The clock is ticking for Gov. John Kasich who has until Friday night to sign the $65 billion state budget that not only fills a revenue shortfall but makes some major policy changes. And there’s at least one change that could set the stage for a veto fight.
The budget bill headed to Kasich’s desk cuts government spending across the board, gets rid of several funds that support local governments, reduces the number of tax brackets, and invests more than $175 million in the opioid epidemic.
State lawmakers long ago stripped out an income tax cut proposed by Gov. John Kasich, which would have been paid for with hikes in sales, alcohol, cigarette and fracking taxes. But as Republican House Finance Chair Ryan Smith of Bidwell explained, there are plenty of other provisions in the bill that exceeds 4,700 pages. He added that the budget process was even more challenging given the simultaneous debate in Congress over health care changes.

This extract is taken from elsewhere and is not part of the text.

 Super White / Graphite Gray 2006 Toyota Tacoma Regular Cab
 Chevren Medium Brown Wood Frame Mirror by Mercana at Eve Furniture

“This report, which is our budget, is very responsible at a time where heightened uncertainty and not knowing exactly where we’re headed in the form of Medicaid out of Washington," Smith says. "But it makes the necessary investments in basic services while also making additional investment in education and it takes a big step towards combating our biggest challenge in this state.”
A big shortfall
The billion dollar shortfall that opened up after the budget was first proposed in January had lawmakers scrambling to make cuts to state agencies. But Medicaid turned out to be the main topic of debate on the House and Senate. Democrats slammed the provision that freezes Medicaid enrollment for the expansion population next year. That’s for adults up to age 64 who earn less than 138% of the federal poverty level - $28,000 for a family of three.
Democratic Representative Emilia Sykes of Akron said cutting off access to Medicaid to that group would result in two things.
“First, people will die. People will die, I’m going to say that one more time, people will die," Sykes says. "The second fact, this will cost more. People will die and this will cost more. These are the facts. That’s it.”
Democratic Representative Alicia Reece of Cincinnati suggested that the public might not fully realize the decisions their state lawmakers are making.
“While the world was watching Washington, everybody’s upset, everybody’s protesting, everybody’s calling, we were quietly coming in and cutting them at their needs as it relates to Medicaid cause everybody thought it was Washington so if we can just ease our way in we can get this stuff done and nobody will notice cause everybody’s because everybody is focused on Washington,” Reece says.
Medicaid expansion has been the cornerstone to Kasich’s time in office, propelling him into the national spotlight in the recent health care debate. He's said it's key to helping Ohio fight its deadly opioid crisis. During a media event in his office, Kasich was asked about the possibility of vetoing the provision.
“I’m not commenting on anything so forget it," Kasich says. "We’ve got the House and Senate voting today, we’ll have plenty to say when the time is right.”
Ready for a possible veto
But unlike with previous budgets, lawmakers are ready for the veto threat. Republican House Speaker Cliff Rosenberger and Senate President Larry Obhof have both warned that their members are ready to come back over the Independence Day week for a possible vote to override any veto.
“Well we have 59 on the board depending on the several provisions that might happen I don’t want to get ahead of myself, we don’t have any vetoes ahead of us but I think we can definitely come back if we have to,” Rosenberger says.
Obhof also seems to be comfortable with the possibility of having enough votes to overturn a Kasich veto.
He adds that the budget fills the gap left by revenue returns that are falling short of estimates and, aside from the more controversial changes, the plan is something most people can get behind.
“Despite challenging financial circumstances we were able to continue in the state’s priorities, and I think this is going to keep Ohio on the right track,” Obhof says.
A looming deadline
Kasich has by midnight Friday evening to sign the bill and make any vetoes if necessary. The House and Senate would need a 3/5ths majority to override the governor's veto. That means 60 votes in the House and 20 in the Senate.